Excel 2003: Bei der Erstellung einer Kastengrafik in Excel 2003 gestaltet sich dieser letzte Schritt noch etwas anders. Excel 2003 erstellt zwar Sekundärachsen für die Erwartungswert-Datenreihe, allerdings wird die vertikale Sekundärachse von der bisherigen Primärachse verdeckt (im Beispiel die Achse mit der Beschriftung: Reihe A, Reihe B, Reihe C …). Klicken Sie also am oberen Ende des Diagramms auf die Sekundärachse, öffnen Sie den Dialog Achse formatieren und aktivieren Sie die Option Achse schneidet bei Maximaler Achsenwert.

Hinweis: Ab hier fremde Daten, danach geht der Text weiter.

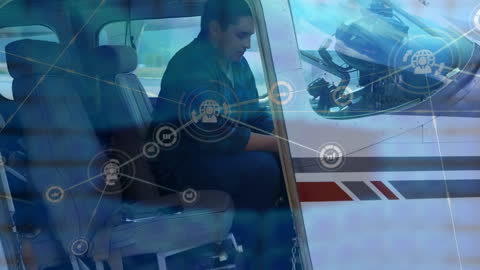 Modern Pilot Using Advanced Digital Interface in G600 Aircraft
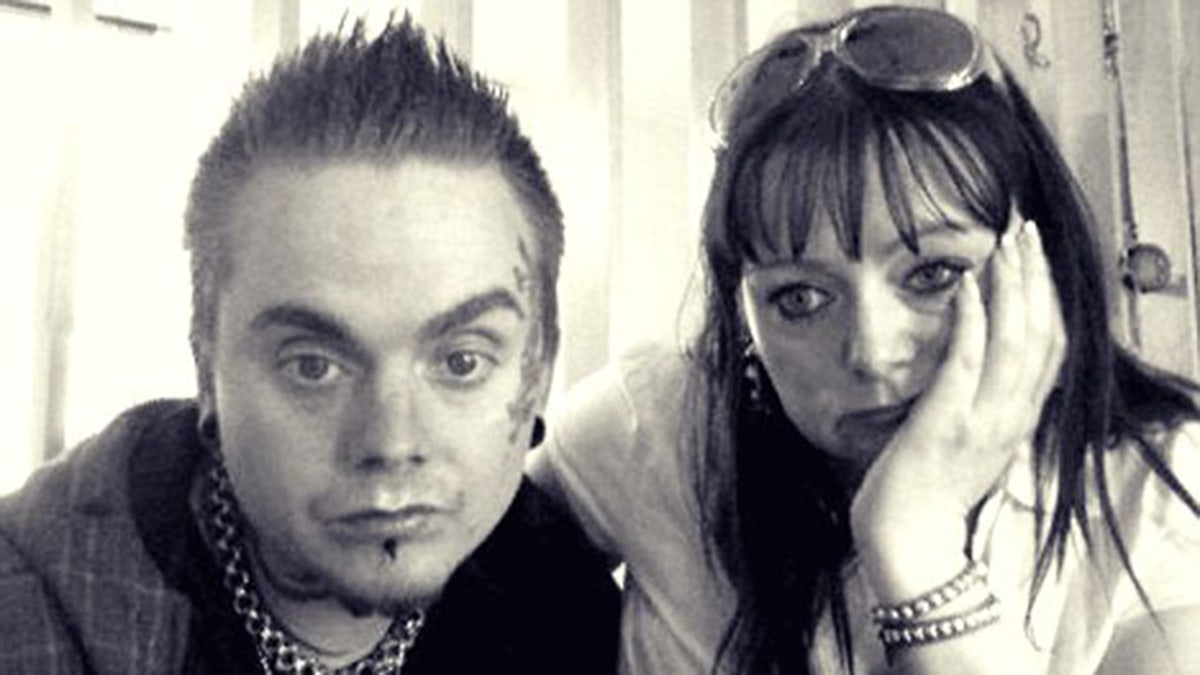 Isakin Jonsson posing for a photo while Helle Christensen looks on.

Die vertikale Sekundärachse erscheint jetzt auf der rechten Seite des Diagramms. Rufen Sie jetzt wieder die Achsenoptionen auf und invertieren Sie Anordnung über die Option Werte in umgekehrter Reihenfolge (falls Sie vorher auch die Reihenfolge der Kastengrafiken invertiert haben).

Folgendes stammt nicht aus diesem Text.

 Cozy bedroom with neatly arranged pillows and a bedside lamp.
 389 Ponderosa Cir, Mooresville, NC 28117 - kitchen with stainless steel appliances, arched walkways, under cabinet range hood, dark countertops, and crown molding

Zum Abschluss können Sie noch einige allgemeine Formatierungen vornehmen, die der besseren Darstellung dienen. Für die Erwartungswerte empfiehlt sich eine kontrastreiche Farbgebung. Außerdem kann die vertikale Sekundärachse (am rechten Ende des Diagramms) verborgen werden, die schließlich nur mit Hilfswerten beschriftet ist. Rufen Sie dazu per Rechtsklick den Dialog Achse formatieren auf und legen Sie für Teilstriche und Beschriftungen (ggf. Linie) den Wert Keine fest.
Fertig! Ein einfacher und schneller Weg, um Kastengrafiken zu erzeugen.
Vielen Dank für die gute Anleitung!!! Es gibt leider ein Problem, wenn es sowohl positive als auch negative Daten gibt. Dann funktioniert Eure Darstellungsmethode nämlich nicht richtig: Die ganze Box wird dann fälschlich nach oben geschoben und es gibt eine Lücke zwischen der unteren Antenne und der Box.
Du kannst die deine Daten einfach per Addition ins positive verschieben, die Beschriftung entfernen und mit Hilfe einer extra Data series + Data labels basierend auf bestimmten Zellen (in diesen die korrekten Werte für negativ bis positiv hinterlegen) erstellen.